HDFS is a storage medium of 64MB block size as default. Namenode holds the metadata of the input and splits into blocks which is send to datanode for processing. The namenode allocates the process to the datanode that are ready to process, identified by the hearbeat get from the datanode. For every second the datanode sends the heartbeat to the namenode and signals still the node has platform for process. On behalf of the heartbeat, the namenode stores the block for processing. The default replication factor is 3, an user can change according to their needs. The replication is for the safety and quick process to happen. In addition to Namenode and Datanode the other services provided by the HDFS are secondary Namenode, Resource manager, Jobtracker, Task manager. It helps to check the process is happening in the correct way or any substitution method is required. MapReduce does the computation process on the Datanode with map and reduce function. In addition to it shuffling and sorting act in the reduce function. An issue in Hadoop is all job has to do map and reduce process even if it is not required. Hadoop stores data in disk, it takes more time for data to read and write. Identifying the nearby mobile cloud for hosting data through Hadoop[18] with mapreduce jobs are achieved for energy efficient and to increase the fault tolerance. [33] Geographical social factors could help to predict the exact service rating through user's mobile location in various location. [34]muffm a smartmobile phone application helps to track the students attendance in a safe manner.

2. Spark:

To process a large scale data in very fast then Spark engine is more handful. Programs can run upto 100x times faster than Hadoop Mapreduce, if data is stored in memory and 10x times faster if data is in disk. Spark support multi language like java, scala, R, Python. Spark has a set of libraries namely Spark SQL, Spark Streaming, MLLib for Machine Learning and Graphx for graph oriented task. It can run on any platform like Standalone, on Hadoop, Mesos or in cloud. It support to access diverse data sources including Cassandra, HDFS, HBase and S3. The data structure in spark is Resilient Distributed Dataset(RDD) with fault tolerant. Spark mostly does the read only operation were a RDD will create for every instance with highly interactive and iterative. The task are done on the in-memory(RAM) and requires only very minimum time.

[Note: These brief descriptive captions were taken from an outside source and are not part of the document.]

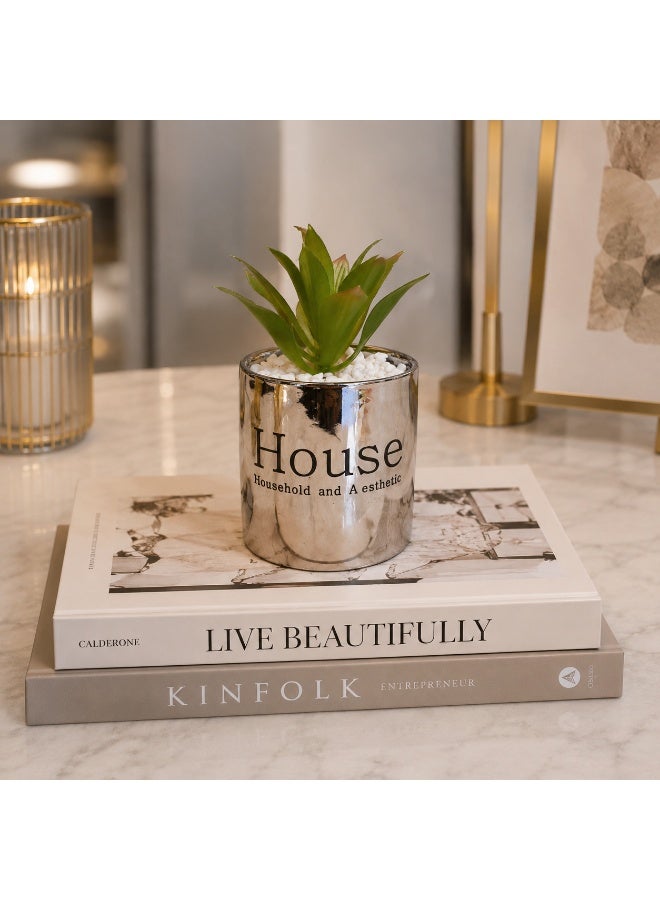 نبات عصاري صناعي في إصيص فضي معدني لامع بتصميم "House" - ديكور منزلي ومكتبي أنيق مع حصى أبيض - Image 1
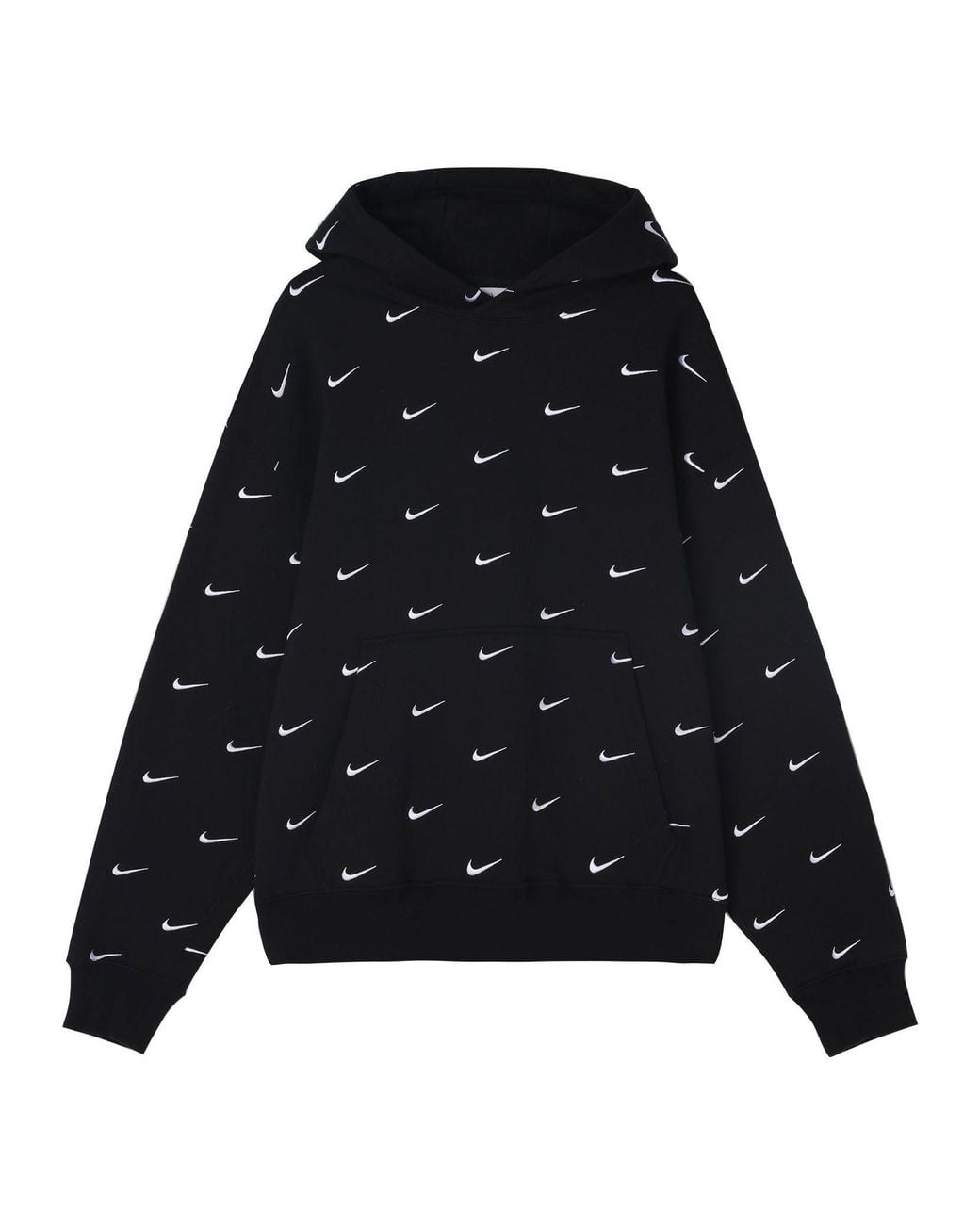 Nike Black All Over Swoosh Logo Hoodie for men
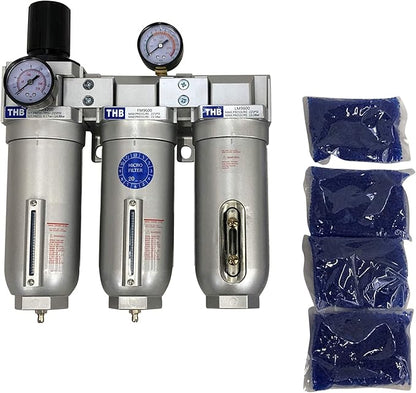 1" COMPRESSED AIR PARTICULATE FILTER WATER TRAP/PRESSURE REGULATOR/DESICCANT AIR DRYER/COALESCING FILTER FOR COMPRESSED AIR SYSTEMS GREAT FOR PLASMA CUTTER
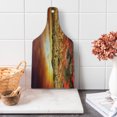 thumbnail image 1 of Desert Cutting Board, Sunset over Central Australian Landscape Dreamy Dramatic Sky Scenic Nature, Tempered Glass Cutting and Serving Board, Wine Bottle Shape, Orange Yellow Coral, by Ambesonne, 1 of 1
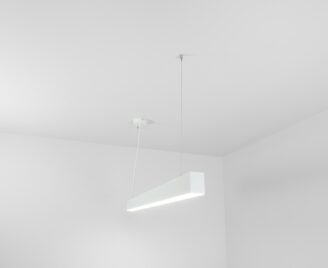 Lampa wisząca ledowa w kolorze białym widziana z boku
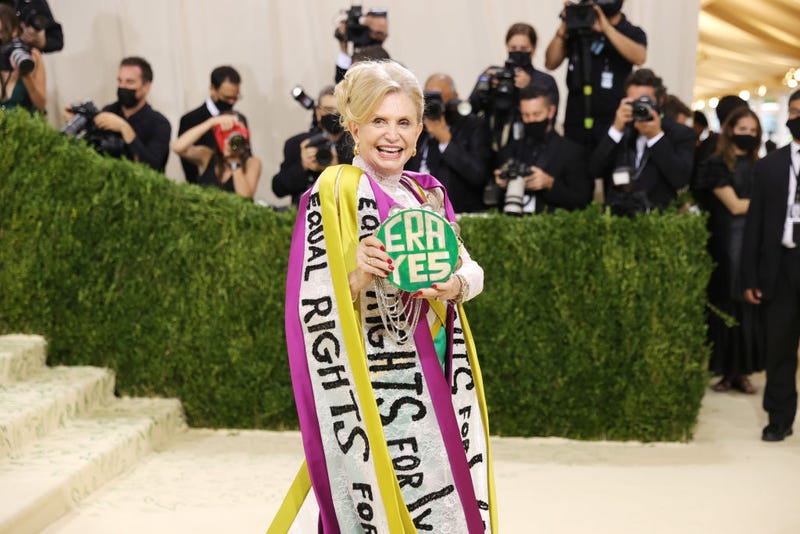 Carolyn Maloney attends The 2021 Met Gala Celebrating In America: A Lexicon Of Fashion at Metropolitan Museum of Art on September 13, 2021 in New York City. 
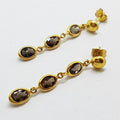 9ct Yellow Gold Smokey Quartz Long Drop Earrings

V. Practical Implementations:

The Hadoop and Spark can be used in many applications to process large amount of data and of different types. This processing framework can do many task and reduce the time with high throughput and performance. Some of the applications are Social media, Medical, Crime Detection, Research, Banking and etc.,

a. Transaction in E-Banking:

A rich number of customers are in this field and amount of data is enormous. To deal with these enormous data is not easy for traditional processing technique and its leads to the Big Data. The network analytics and natural language processors are used to catch illegal trading and anti-money laundering in banking sector. Sematic web holds huge data with different scaled parameters in a high level similarity data. Processing RDF semistructure data is through loading, querying and distributed filters[31].

b. Favorite playlist in Media and Entertainment:

Peoples always expect rich media on-demand in different formats and in various devices, some big data challenges in the communications, media and entertainment industry includes Collecting, analyzing, and utilizing consumer insights, Leveraging mobile and social media content, Understanding patterns of real-time, media content usage. Selecting the feature in the big data for a particular dataset leads the collision and problem because certain times the fewer data holding fields plays a major role. [14] discuss about the selection named distributed feature selection model with different selection approaches in economic case. [26] identifies the model for "Having Friends" in SN distribution.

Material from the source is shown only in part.